**Exercise goal:** Verbatim output of the lines below is required, with the images omitted.
╭─ The data
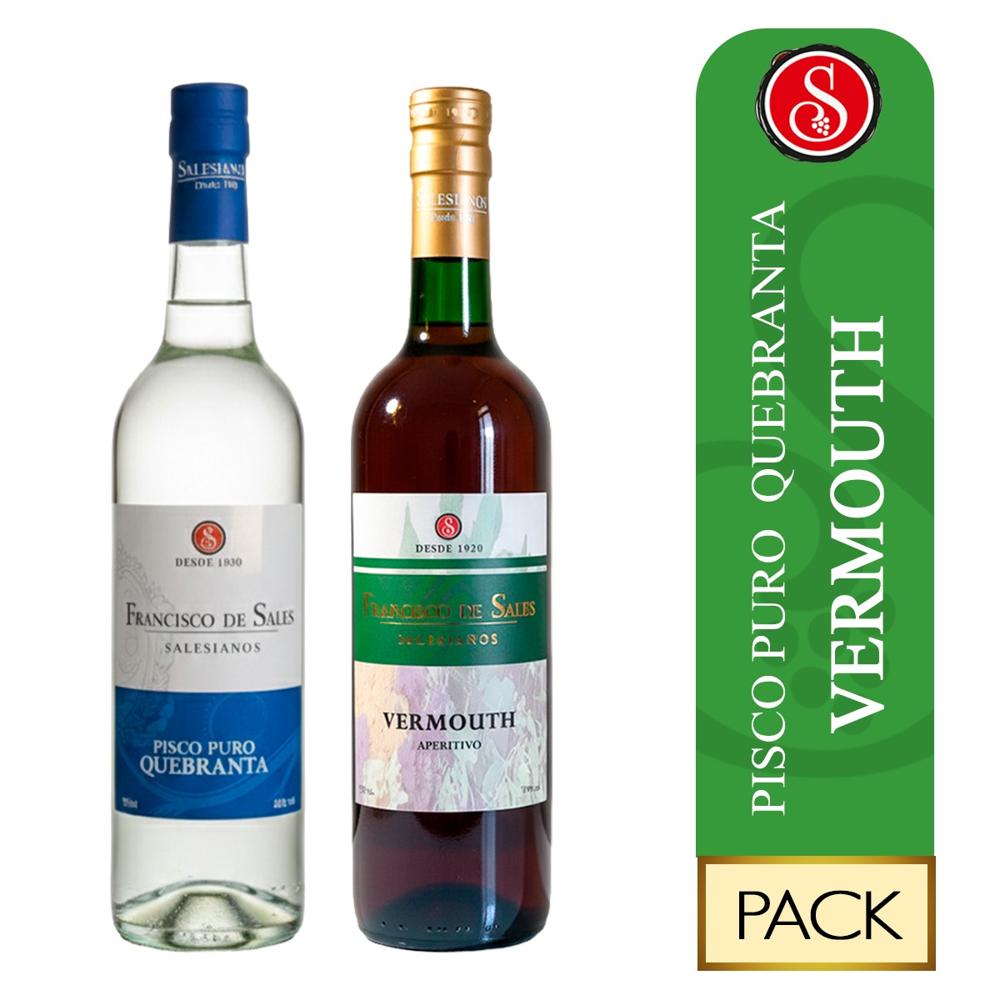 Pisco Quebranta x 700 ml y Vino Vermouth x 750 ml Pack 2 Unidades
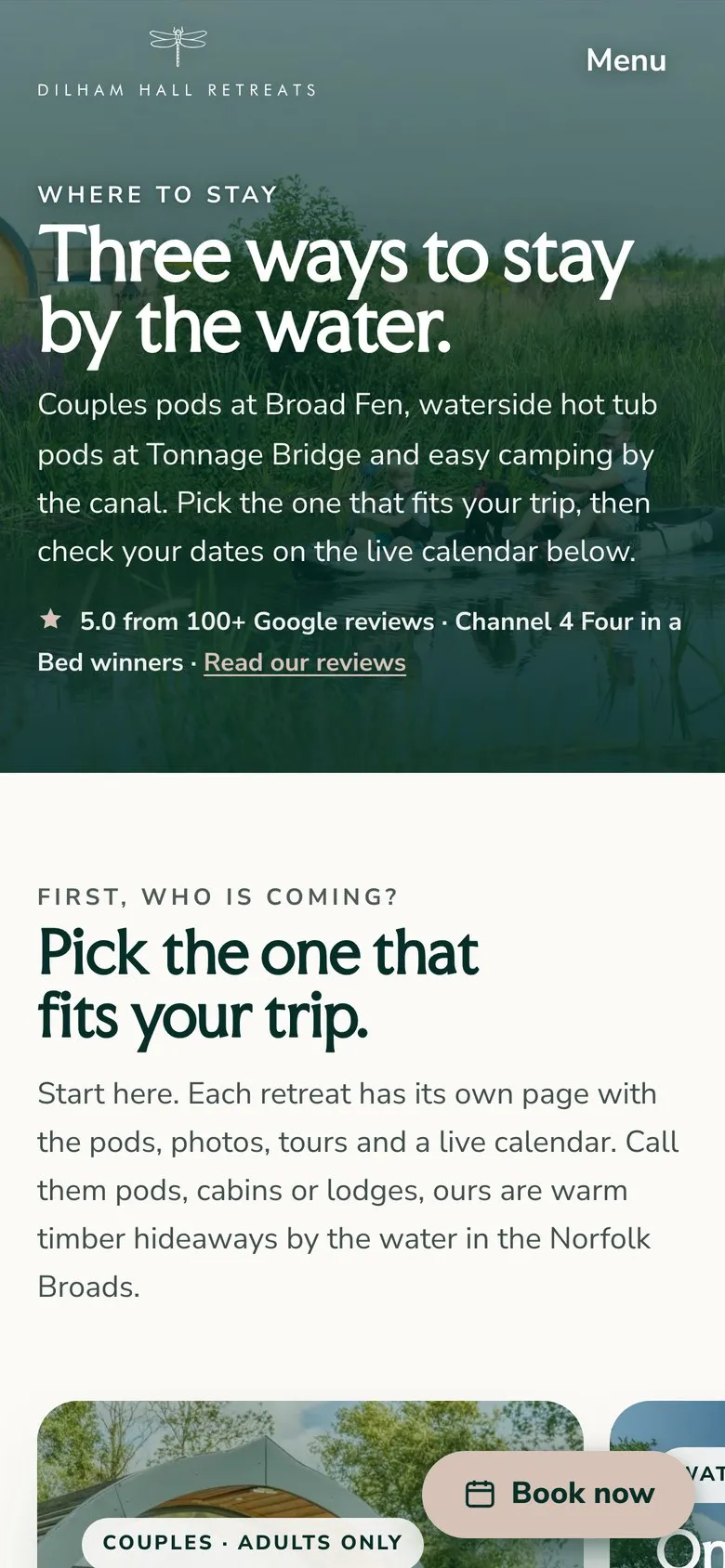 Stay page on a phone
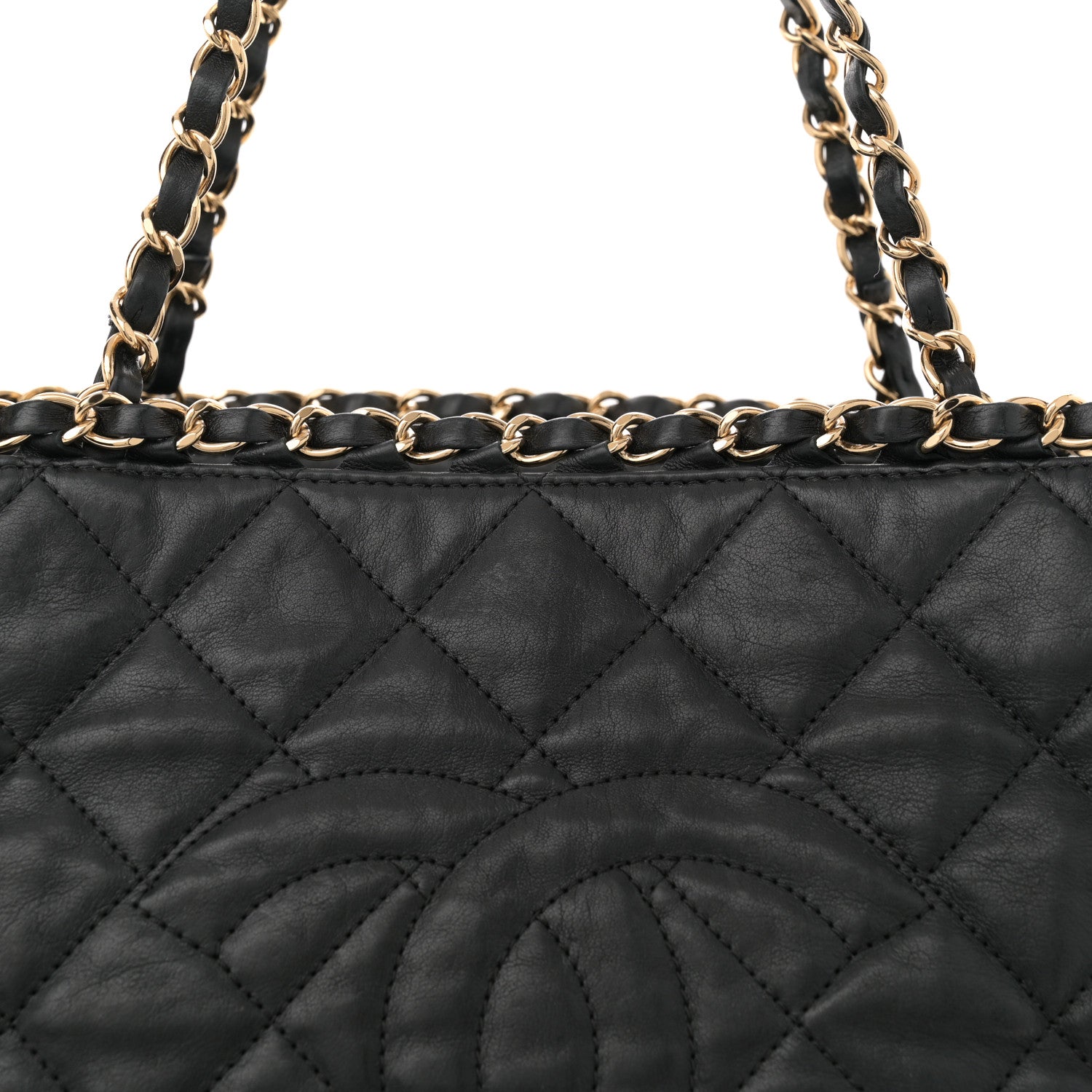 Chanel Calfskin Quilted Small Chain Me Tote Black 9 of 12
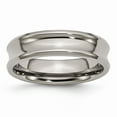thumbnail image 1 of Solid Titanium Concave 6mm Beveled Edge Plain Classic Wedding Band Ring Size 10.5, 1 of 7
╰─
**Worked solution:**
 Pisco Quebranta x 700 ml y Vino Vermouth x 750 ml Pack 2 Unidades
 Stay page on a phone
 Chanel Calfskin Quilted Small Chain Me Tote Black 9 of 12
thumbnail image 1 of Solid Titanium Concave 6mm Beveled Edge Plain Classic Wedding Band Ring Size 10.5, 1 of 7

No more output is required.